Bungie Explains Why It Really Killed Destiny’s Loot Cave

But sometimes, players would get distracted from these activities and they’d start doing other things. Strange things. Like, say, shooting endlessly into a cave — all in the name of loot. And when Bungie looked into it, what they found was that the Loot Cave wasn’t nearly as good as players thought it was.

“They were very weak enemies that didn’t drop very good loot,” Hopson said. “The funny thing is that we knew about [the loot cave] before launch, we knew that this was potentially exploitable activity, but we didn’t care. The actual drop rate per minute spent is not any different than anything else.
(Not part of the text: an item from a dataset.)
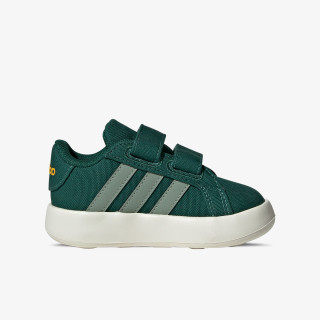 Adidas GRAND COURT 2.0 CF I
“So you actually will get less loot [shooting into the loot cave] per hour than you would just playing the game. But the players weren’t doing the maths that way,” Hopson said.
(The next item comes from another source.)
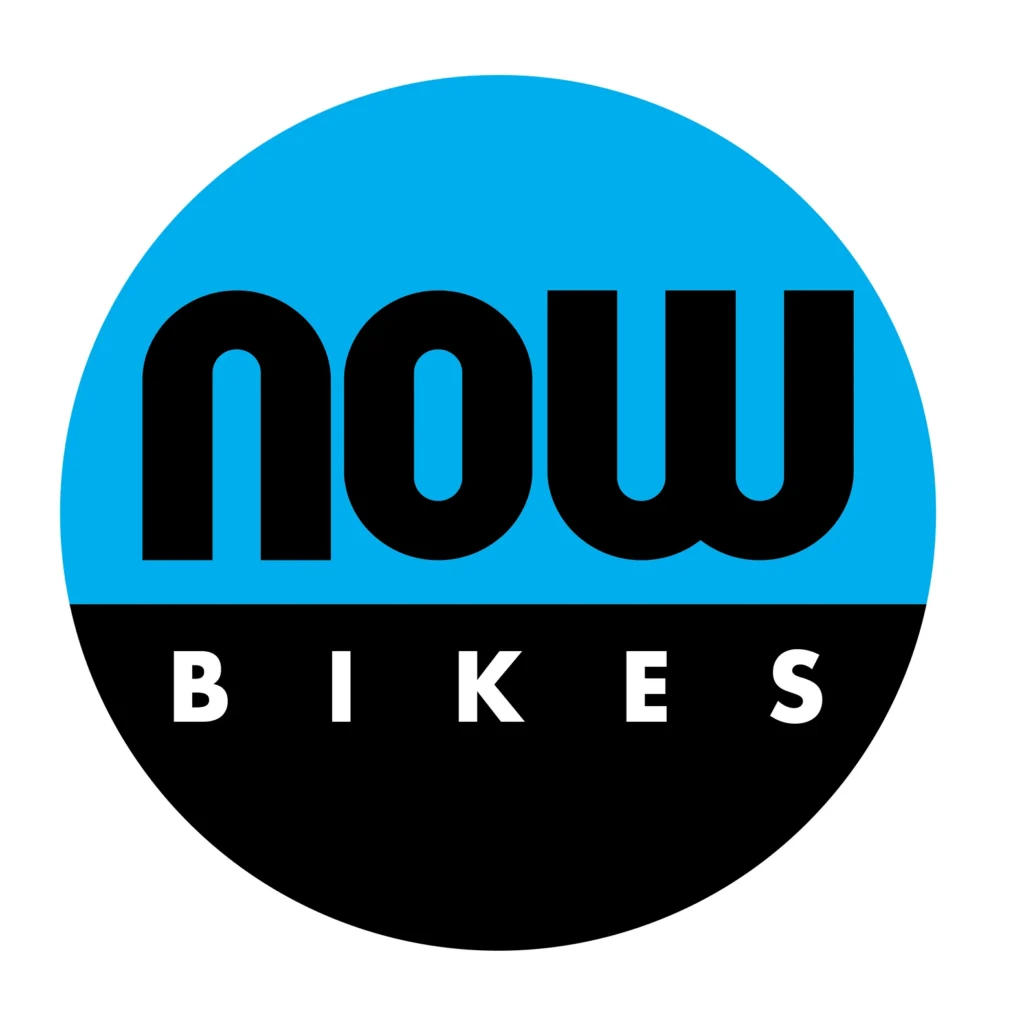 Now Bikes and Fitness Arden Hills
Hopson theorized that players shot into the loot cave mostly because it was low effort, not because it was actually better than other locations. Somehow, some players convinced themselves that the Loot Cave was amazing, but that wasn’t actually the case — or so Bungie says.
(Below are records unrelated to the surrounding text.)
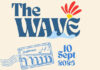 Zaghouan accueille The Wave 2026 : EU MedBridge recherche des talents culturels émergents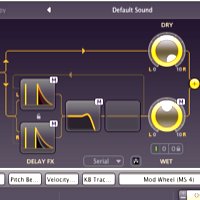 A Guide To Modulation And Modulators – Tuts+ Premium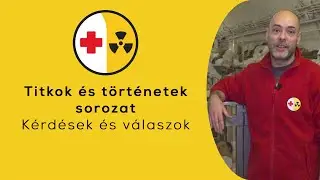 Kérdések és válaszok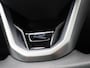 Volkswagen Tiguan 1.5 eHybrid R-Line Edition 272 PK | R-Line | Automaat | Navigatie | Panoramadak | Harman Kardon | Inklapbare trekhaak | Head-up display | 360 Camera | Stoelmassage | Stoelventilatie voor | Stoelverwarming voor + achter | Stuurverwarming | HD Matrix |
So if Bungie didn’t initially care about the Loot Cave, and it wasn’t actually broken, why did they end up killing it? Hilariously, it was because of the sheer number of player complaints.

“The time of the loot cave was the highest peak of players reporting each other for cheating,” Hopson said.

Hopson described situations where players would angrily report other players for using the loot cave. Sometimes, these players would take matters into their own hands and actively stop enemies from respawning in the cave — thereby stopping the more loot from appearing. And when players did this, the players who wanted to use the loot cave would report the jerk players. It was a mess — so they got rid of it.

“[The Loot Cave] was actually pretty controversial,” Hopson said. Hopson also mentioned that Bungie spent some time getting rid of other Loot Caves prior to the launch of Destiny, in the hopes of stopping the phenomenon of players shooting into an area endlessly to reap the rewards.

Other funny or curious things that happened during the presentation:

  • One person got up to ask why they didn’t have a Gjallarhorn despite playing for over 700 hours. Hopson said that unfortunately, SOMEone had to end up being that unlucky.
  • Another person got up to ask if Bungie could stop Xur from selling more No Land Beyond — the gun that is infamous for being awful. Hopson said it was out of his control.
  • Hopson mentioned that Bungie didn’t expect the random drops to be as big of a deal as they ended up being. What they were expecting was for players to simply buy better gear, and to have random drops act as the cherry on top, so to speak. Instead, players have latched onto the RNG, and it’s affecting their perception of the game.
  • Hopson said that during development, in an effort to stop Destiny from leaking, they increased their security at Bungie. This meant metal detectors, locking up tester’s cell phones, never leaving people alone with the game, testing on platforms that were locked down. He said it was “probably overkill,” but that these measures let them get people outside of Bungie playing the game for research early on.
  • The hardest missions for players end up being ones like the “Chamber of the Night” level — essentially, levels where players are locked in a room where they have to defeat waves, right before having to go up against a boss. These levels don’t have save points between waves, and they exist as “skill checks” for players — you can’t hang back and snipe or anything like that. “You’re either good enough to survive or not,” Hopson said. Apparently, some of these levels ended up being so difficult, that they lost a “few percentage of players” during these points — and sometimes, these players wouldn’t ever try the levels again.